**What to do**
Write out word for word the lines from the one holding "Naari Ka Sach" through the end of the data, and only those lines. Pictures stay out.

· · · ·

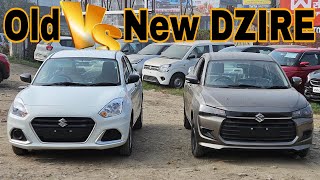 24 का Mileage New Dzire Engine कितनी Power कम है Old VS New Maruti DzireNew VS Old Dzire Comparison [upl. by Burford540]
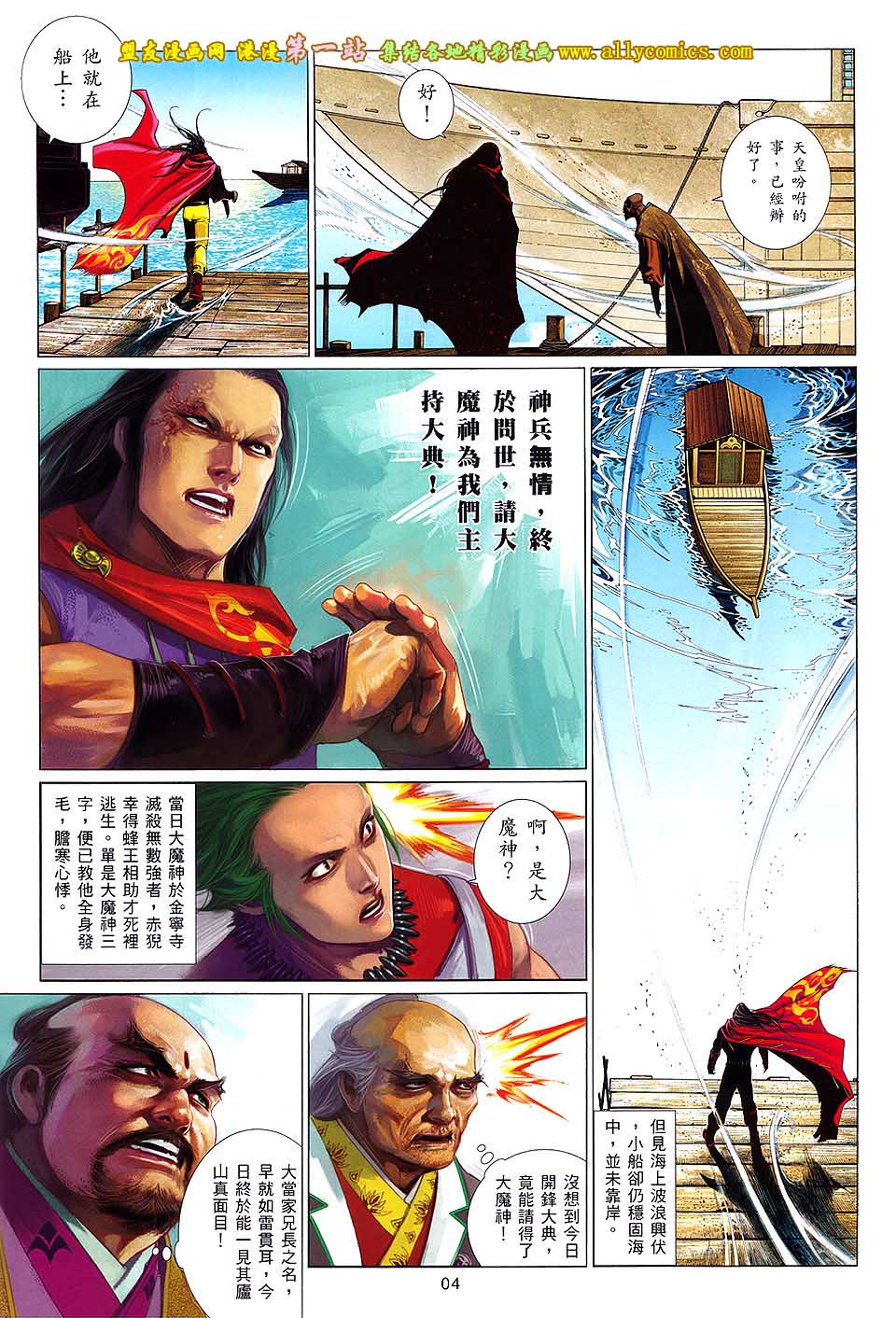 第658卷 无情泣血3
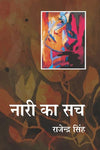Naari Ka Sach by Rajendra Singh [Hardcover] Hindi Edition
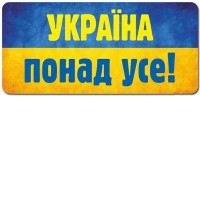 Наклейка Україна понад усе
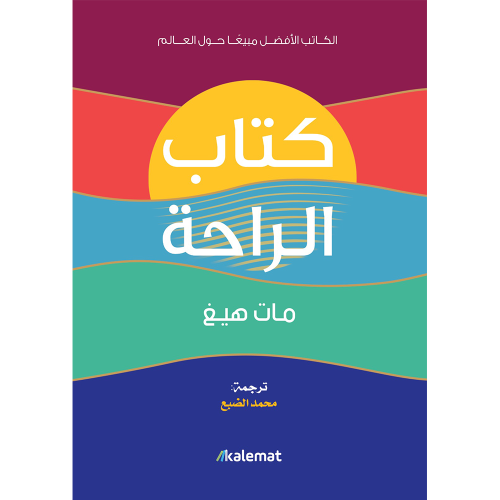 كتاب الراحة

· · · ·

**Reply to the exercise**
Naari Ka Sach by Rajendra Singh [Hardcover] Hindi Edition
 Наклейка Україна понад усе
 كتاب الراحة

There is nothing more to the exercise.